REQUIREMENT:
For the records that follow, give the number of lines in which the word "Foto" occurs, with nothing added.
··········
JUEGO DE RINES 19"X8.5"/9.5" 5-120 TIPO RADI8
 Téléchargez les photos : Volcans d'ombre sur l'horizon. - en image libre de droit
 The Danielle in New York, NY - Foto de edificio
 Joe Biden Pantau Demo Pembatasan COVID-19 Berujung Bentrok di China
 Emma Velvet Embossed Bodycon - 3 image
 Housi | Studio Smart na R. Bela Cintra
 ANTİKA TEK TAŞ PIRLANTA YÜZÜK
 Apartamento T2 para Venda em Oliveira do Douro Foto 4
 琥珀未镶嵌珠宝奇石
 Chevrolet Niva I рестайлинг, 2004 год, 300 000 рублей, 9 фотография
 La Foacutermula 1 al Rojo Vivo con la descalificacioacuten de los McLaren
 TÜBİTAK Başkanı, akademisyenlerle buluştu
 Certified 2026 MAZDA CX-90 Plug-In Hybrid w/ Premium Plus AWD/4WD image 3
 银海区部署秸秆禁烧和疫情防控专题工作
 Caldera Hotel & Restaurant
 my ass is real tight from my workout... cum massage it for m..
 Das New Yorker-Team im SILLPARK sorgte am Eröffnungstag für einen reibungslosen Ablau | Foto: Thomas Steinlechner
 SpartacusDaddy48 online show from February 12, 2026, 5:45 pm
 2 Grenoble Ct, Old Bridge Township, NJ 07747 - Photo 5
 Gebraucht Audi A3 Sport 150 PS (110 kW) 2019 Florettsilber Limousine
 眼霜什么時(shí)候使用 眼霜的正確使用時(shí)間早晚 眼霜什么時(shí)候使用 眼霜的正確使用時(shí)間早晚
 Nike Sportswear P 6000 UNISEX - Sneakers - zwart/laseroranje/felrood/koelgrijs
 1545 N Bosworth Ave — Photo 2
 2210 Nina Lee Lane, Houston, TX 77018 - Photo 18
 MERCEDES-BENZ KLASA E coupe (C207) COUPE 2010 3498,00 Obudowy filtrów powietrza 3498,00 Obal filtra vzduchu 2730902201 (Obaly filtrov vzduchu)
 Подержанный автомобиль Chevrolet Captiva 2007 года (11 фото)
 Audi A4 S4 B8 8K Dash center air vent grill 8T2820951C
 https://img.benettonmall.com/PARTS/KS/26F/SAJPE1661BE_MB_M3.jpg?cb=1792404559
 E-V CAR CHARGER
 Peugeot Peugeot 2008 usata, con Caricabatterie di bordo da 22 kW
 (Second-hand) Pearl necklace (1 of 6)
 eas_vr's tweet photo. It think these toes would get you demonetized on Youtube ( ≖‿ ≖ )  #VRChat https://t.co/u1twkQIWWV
··········
EXPECTED ANSWER:
3